The tree itself lay in pieces on the living room floor for an entire week before I finally wrapped and stowed it in it's corner of the basement.
The plastic pine needles that fell off the tree remained on the living room floor for another week until I finally found the time to sweep them up.
Yesterday, BoopityBoop helped me put the furniture back where it belongs. Then they drew me some lovely pictures. #6 and her parents came over to see us yesterday, too. It was a fun day of kids, crayons, paints, football and chicken wings.

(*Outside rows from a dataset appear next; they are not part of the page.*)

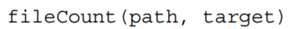 Write a function that takes an argument of a file path and a target and, by opening, reading, and...-1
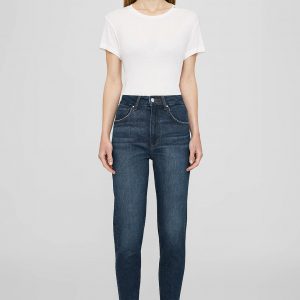 Anine Bing Amani Tee - Off White Cashmere Blend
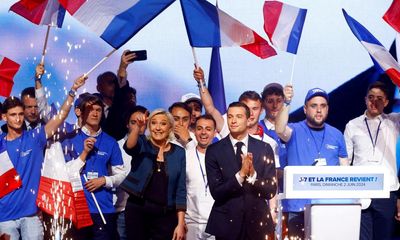 ‘This could end up ugly’: after Macron’s gamble, will the far right seize power in France?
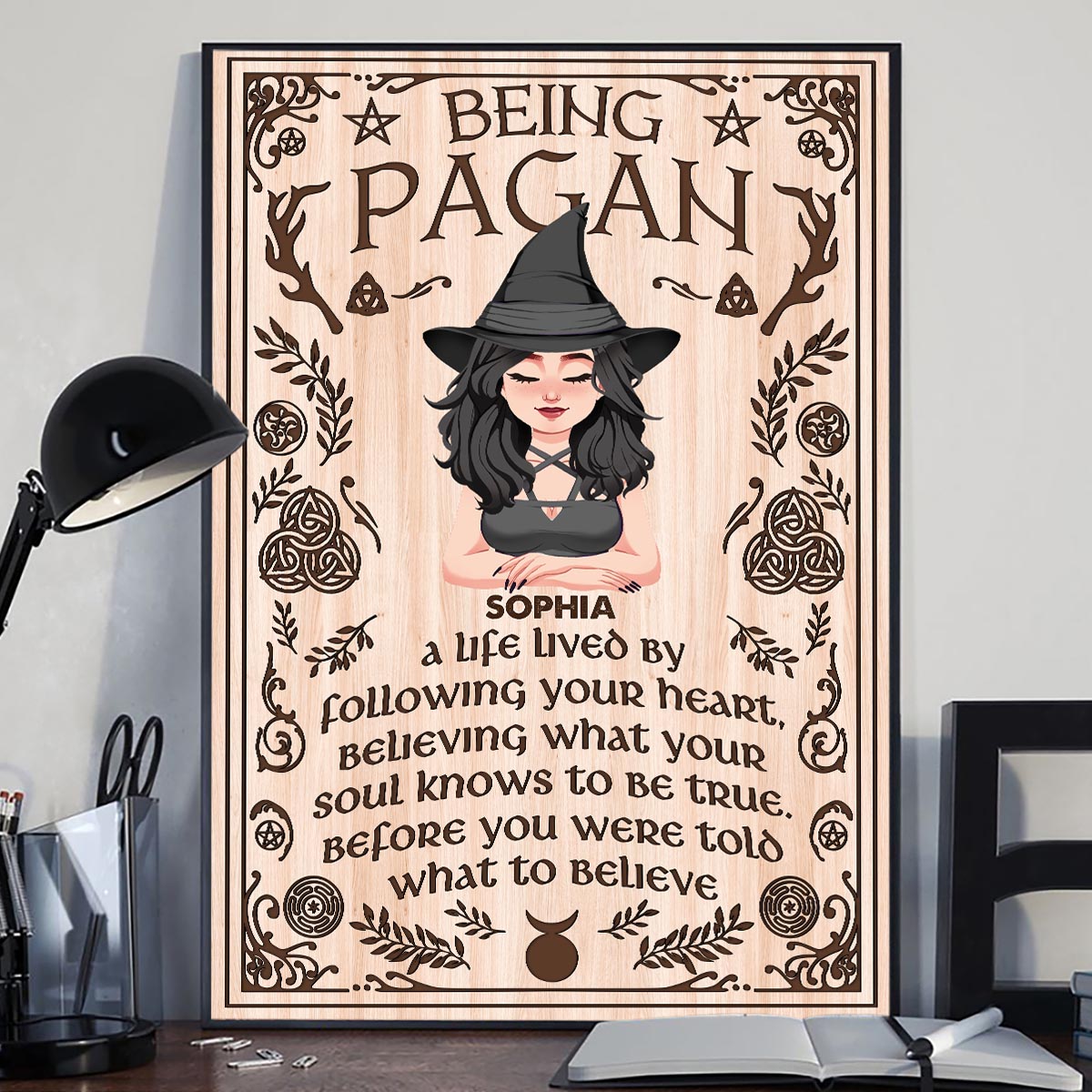 Being A Pagan - Personalized Witch Canvas And Poster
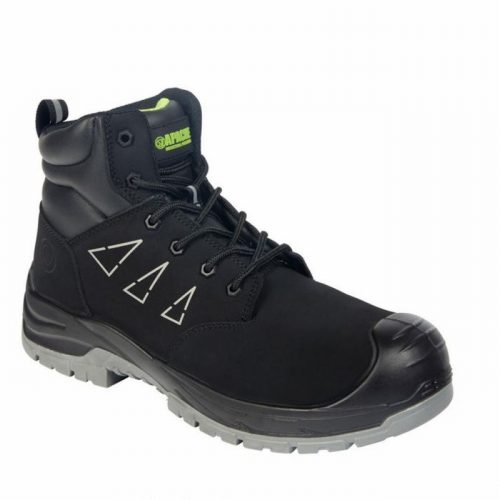 Apache Armstrong Size –  6 UK (39 EU) Black  Safety Boots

January has been fun and busy! We had a pair of great nephews from Arizona stay with us for a night. They wanted to experience a Minnesota winter, as all of their enormous extended family came from here and the vast majority of us still live here. I don't know what kind of stories their parents, grandparents and desert dwelling aunts and uncles told them but they must have been good because the boys were eager to try all things deeply frozen. They're timing was perfect. In the week they spent in Minnesota, they experienced a bull blown blizzard, featuring 8-12" of snow, white out conditions and power outages. They spent a day ice fishing. They took snowmobiles from a lake shore home to a nearby small town for dinner. They met lots of kinfolk. They had a blast.

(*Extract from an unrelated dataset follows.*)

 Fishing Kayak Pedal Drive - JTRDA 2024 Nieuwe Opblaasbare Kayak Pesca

Jay is the one who took them ice fishing. They drove to a large lake a few miles south of town and rented an ice house from a young, local entrepreneur. Jay had discovered this lad online. He owns several ice houses which he rents air bnb style to ice fishermen who need temporary shelter. Genius!
The boys had fun on the lake but it was a bit scary, too: Jay's truck got stuck on the lake.
This has been a strange winter. We had two weeks of sub zero weather very early; pre-Christmas. Ice fishermen love that, they call it 'ice making weather'. In order to drive on the ice, it needs to be 12-14" thick. I asked my nephew, who lives on a lake, how he can tell if the ice is thick enough and he answered "when I see 8 other vehicles out there. I'll never be the first one out there."
Smart man.
In addition to that early deep freeze, we had a lot of snow early in the season. Believe it or not, we can't take a white Christmas for granted, not even up here. It's not unusual to have a brown Christmas in Minneapolis. It's not normal, but not unheard of. Usually, we've had a few dustings of snow by Christmas and everyone hopes it sticks. Sometimes we get real, measurable snow cover by Christmas and once in a while, blizzards. This year, we had real blizzards before Christmas and well over a foot of snow pre-Christmas. It was shaping up to be a brilliant season for out door winter sports!
Then things got weird.
In January, we've had several more inches of snow but we've also had weeks of just above freezing temps, bringing with it sleet and rain. This has ruined the ice, not just for fishermen, who have to slog through deep slush to get to their holes, have no confidence in the depth of the ice and can't drive their cars on the lake even if the ice is thick because they'll get stuck in the slush, which is what happened to Jay and the boys. They couldn't quite get all the way to the ice house Jay'd rented so they walked the last bit. The young man who rented them the house was also on hand to tow Jay's rig back off the lake: too much slush in the wheel wells made the SUV nearly un-drivable. A car wash and a few hours in a warm garage and all was back to normal. Jay didn't tell the nephews how nervous he was out on that slushy lake. It's gotten much worse since then. I don't think it's going to be an ice fishing year at all, which makes Jay very sad; he loves to ice fish.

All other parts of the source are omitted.